═══ PROVIDED DATA ═══

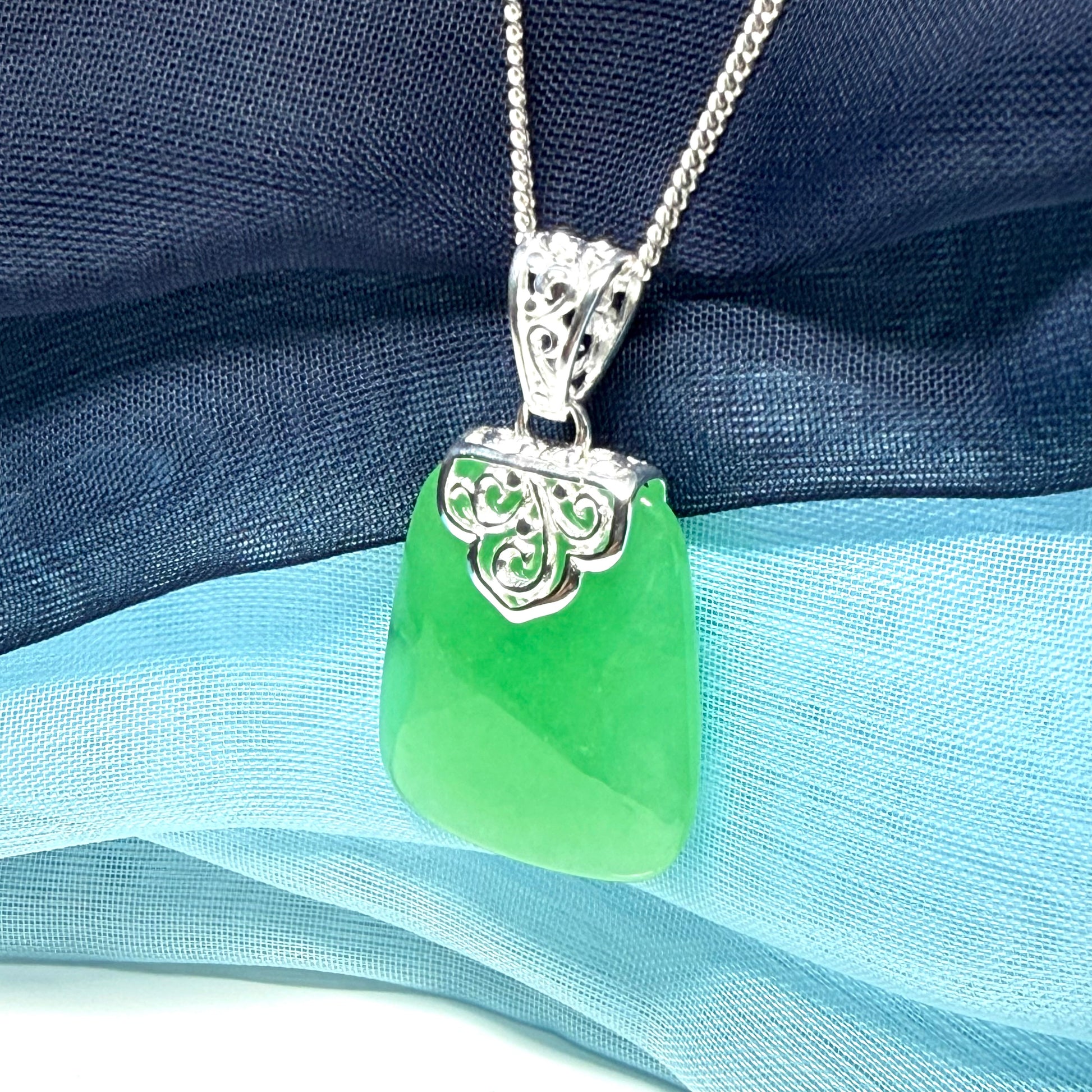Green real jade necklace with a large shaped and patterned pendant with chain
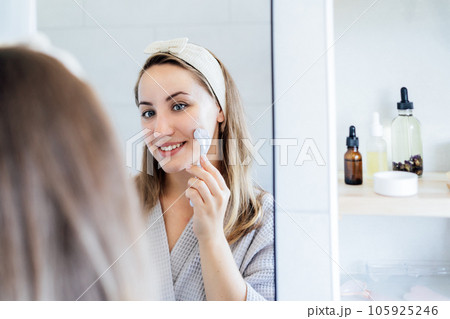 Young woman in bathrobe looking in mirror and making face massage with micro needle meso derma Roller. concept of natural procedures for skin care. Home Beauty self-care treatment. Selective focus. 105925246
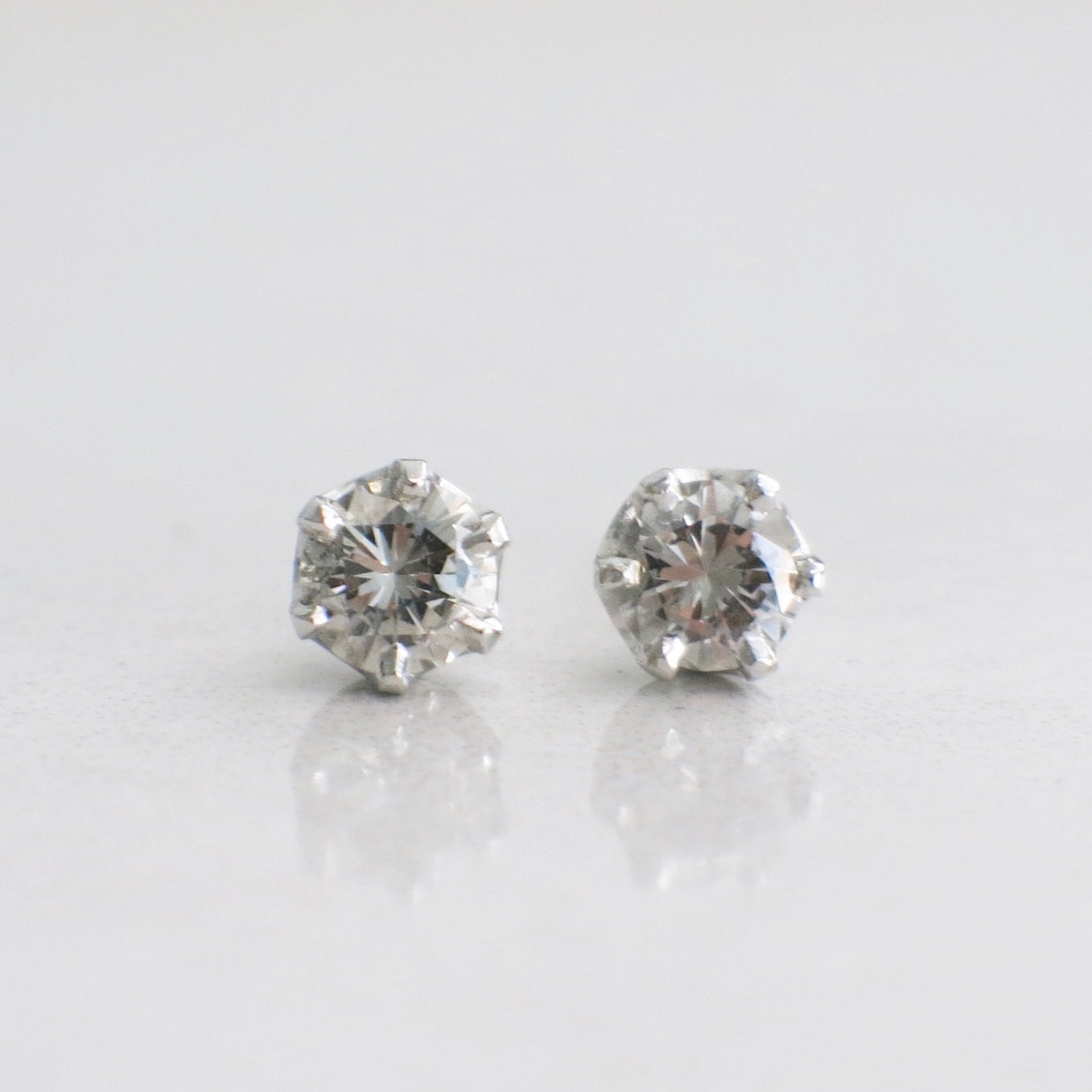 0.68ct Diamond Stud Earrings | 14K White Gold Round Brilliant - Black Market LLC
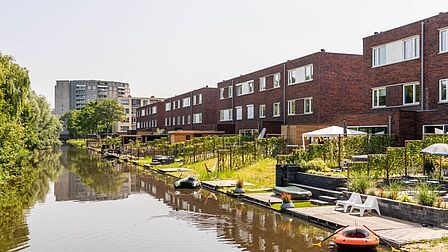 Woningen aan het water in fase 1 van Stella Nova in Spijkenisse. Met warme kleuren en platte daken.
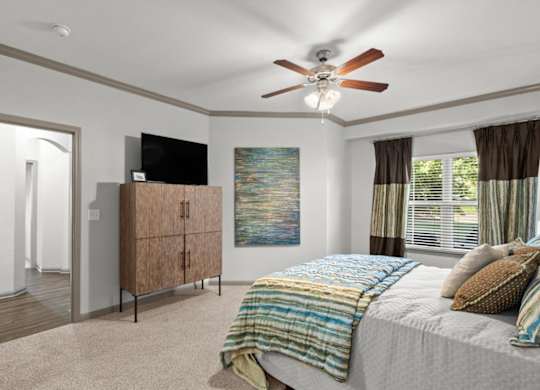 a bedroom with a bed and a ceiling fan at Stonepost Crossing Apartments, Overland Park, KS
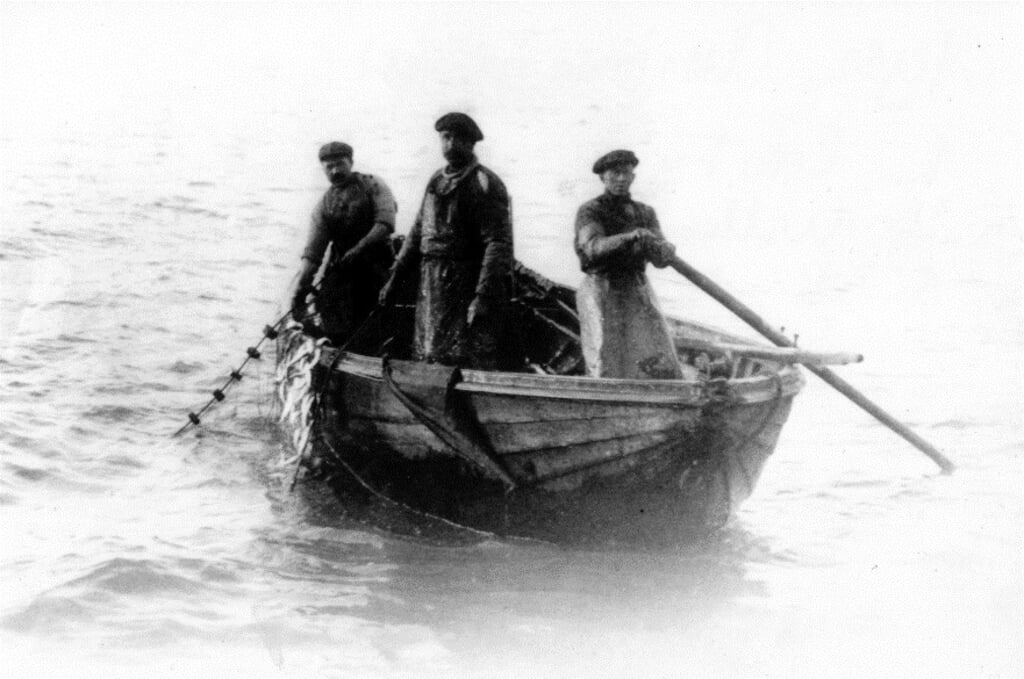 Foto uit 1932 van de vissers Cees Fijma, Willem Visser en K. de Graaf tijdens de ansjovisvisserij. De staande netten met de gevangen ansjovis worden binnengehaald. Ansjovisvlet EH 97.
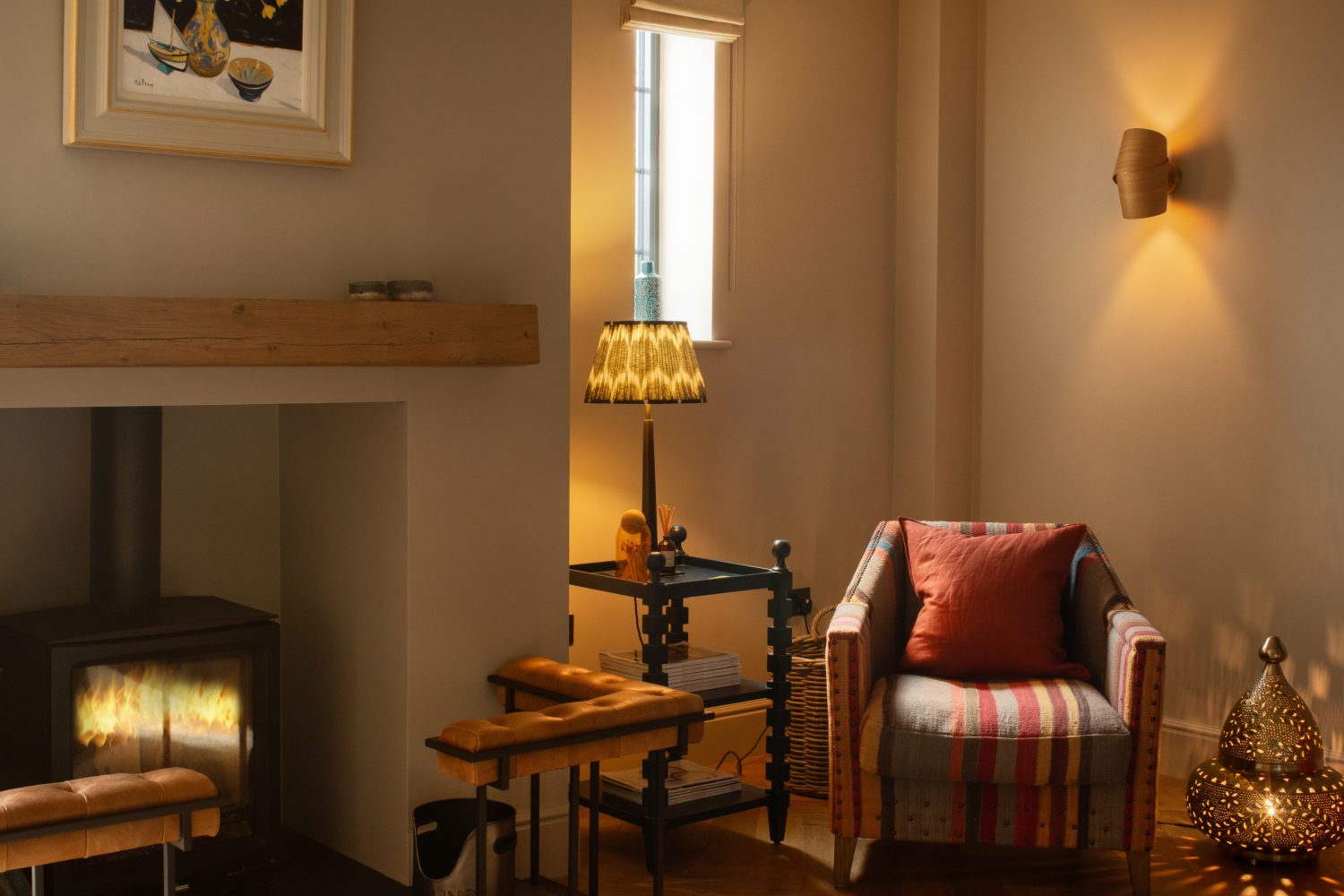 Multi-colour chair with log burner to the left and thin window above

═══

EXERCISE OBJECTIVE: From the line with "a bedroom with" through the end of the listing, write out every line exactly, leaving out the pictures.

RESULT BELOW:
 a bedroom with a bed and a ceiling fan at Stonepost Crossing Apartments, Overland Park, KS
 Foto uit 1932 van de vissers Cees Fijma, Willem Visser en K. de Graaf tijdens de ansjovisvisserij. De staande netten met de gevangen ansjovis worden binnengehaald. Ansjovisvlet EH 97.
 Multi-colour chair with log burner to the left and thin window above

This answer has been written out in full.